**BRIEF:** Exactly transcribe the span of lines from the one containing "Patricia Nash Bead" through the final line of the entries, inclusive, and nothing outside it. Exclude the pictures.

INFORMATION below:

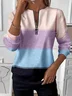 Damen Multifarben Block Rundhals Print Lässig Frühling/Herbst Langarm Sweatshirt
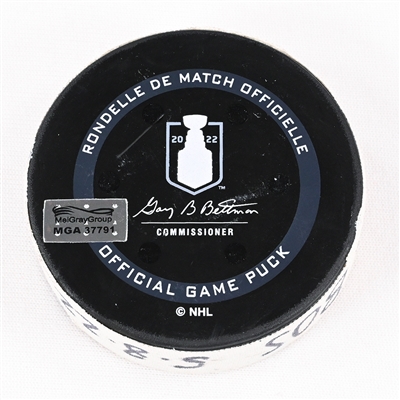 Jake DeBrusk - Boston Bruins - Goal Puck - May 8, 2022 vs. Carolina Hurricanes (Bruins Logo) - 2022 Stanley Cup Playoffs - Round 1, Game 4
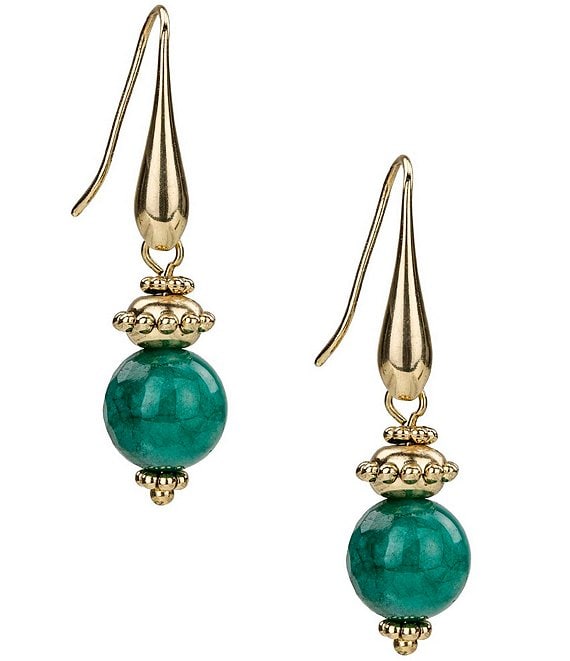 Patricia Nash Bead French Wire Drop Earrings, Antique Gold - Image 1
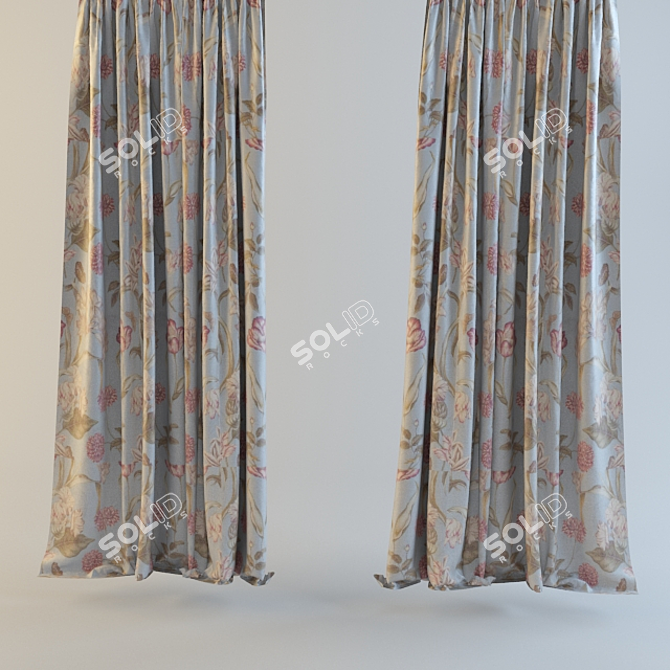 Elegant Slat Curtain 3D model image 1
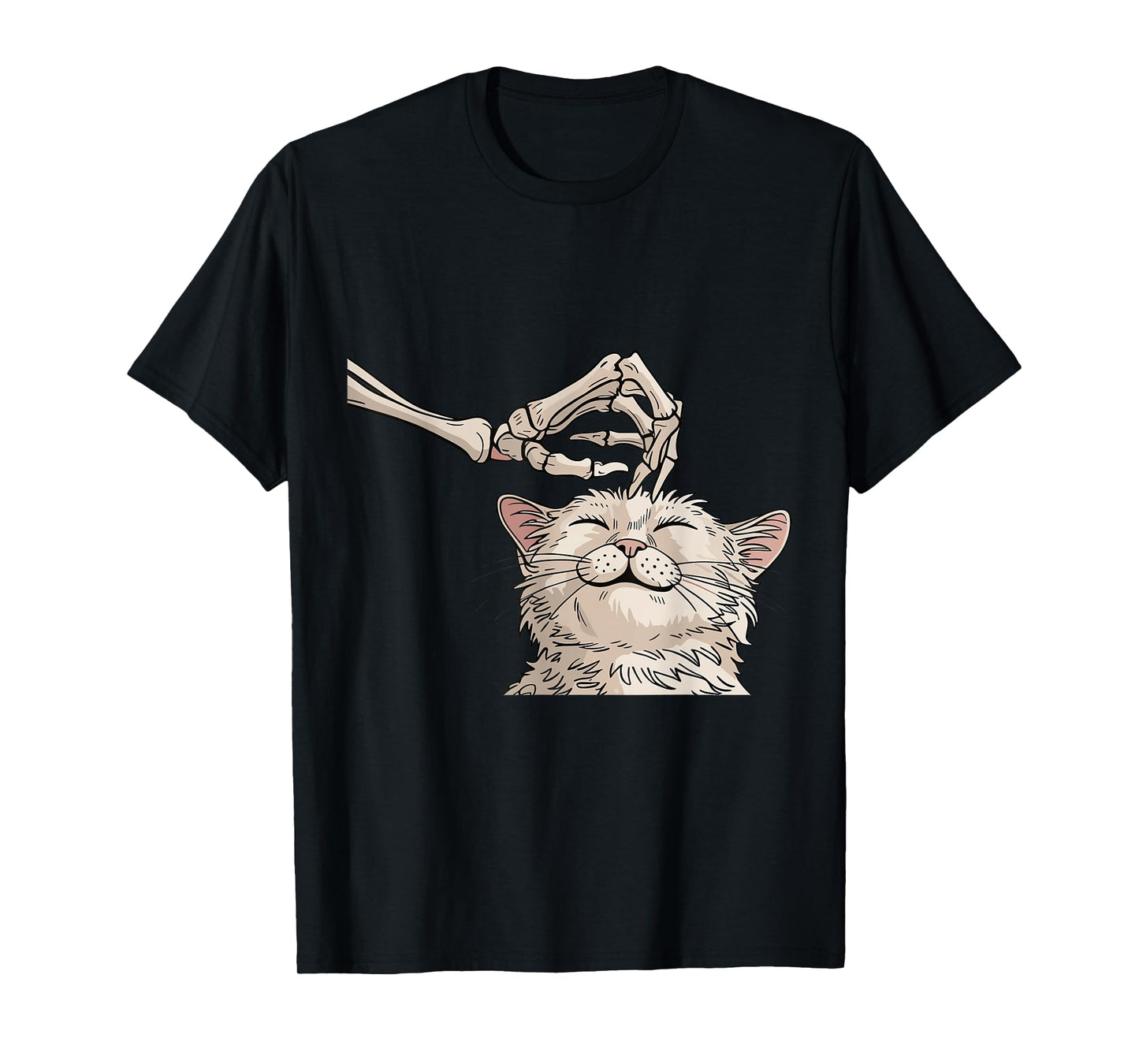 Skeleton Hand Petting Happy Cat Halloween Spooky Cute T-Shirt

End of INFORMATION.

**SOLUTION FOR THIS TASK:**
 Patricia Nash Bead French Wire Drop Earrings, Antique Gold - Image 1
 Elegant Slat Curtain 3D model image 1
 Skeleton Hand Petting Happy Cat Halloween Spooky Cute T-Shirt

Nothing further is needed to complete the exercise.